You are viewing a plain text version of this content. The canonical link for it is here.
Posted to commits@kafka.apache.org by mj...@apache.org on 2020/06/19 22:16:17 UTC

[kafka] branch 2.6 updated: KAFKA-9891: add integration tests for EOS and StandbyTask (#8890)

This is an automated email from the ASF dual-hosted git repository.

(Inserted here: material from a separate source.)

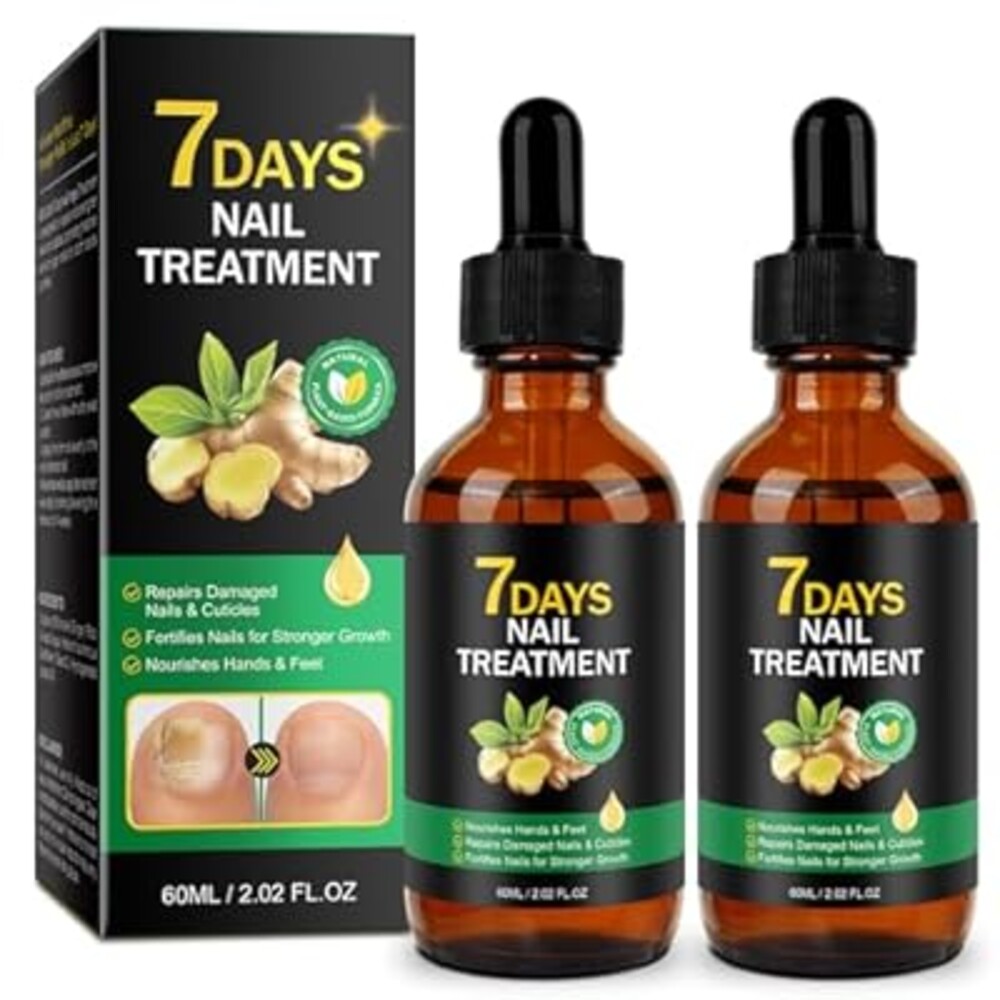 2PCS Ginger Nail Treatment, Nails Growth Serum, Nail Repair Cuticles Oil, Ginger Nail Serum Oil for Strengthen nails & Promote Nail Growth, Natural Plant Formula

mjsax pushed a commit to branch 2.6
in repository https://gitbox.apache.org/repos/asf/kafka.git


The following commit(s) were added to refs/heads/2.6 by this push:
     new 69a4ee2  KAFKA-9891: add integration tests for EOS and StandbyTask (#8890)
69a4ee2 is described below

commit 69a4ee2abe6fe977b53b80e547704415fd2b92e0
Author: Matthias J. Sax <ma...@confluent.io>
AuthorDate: Fri Jun 19 09:05:54 2020 -0700

    KAFKA-9891: add integration tests for EOS and StandbyTask (#8890)
    
    Ports the test from #8886 to trunk -- this should be merged to 2.6 branch.
    
    One open question. In 2.6 and trunk we rely on the active tasks to wipe out the store if it crashes. However, assume there is a hard JVM crash and we don't call closeDirty() the store would not be wiped out. Thus, I am wondering, if we would need to fix this (for both active and standby tasks) and do a check on startup if a local store must be wiped out?
    
    The current test passes, as we do a proper cleanup after the exception is thrown.
    
    Reviewers: Guozhang Wang <wa...@gmail.com>
---
 .../apache/kafka/streams/StoreQueryParameters.java |   2 +-
 .../integration/StandbyTaskEOSIntegrationTest.java | 230 ++++++++++++++++++++-
 2 files changed, 224 insertions(+), 8 deletions(-)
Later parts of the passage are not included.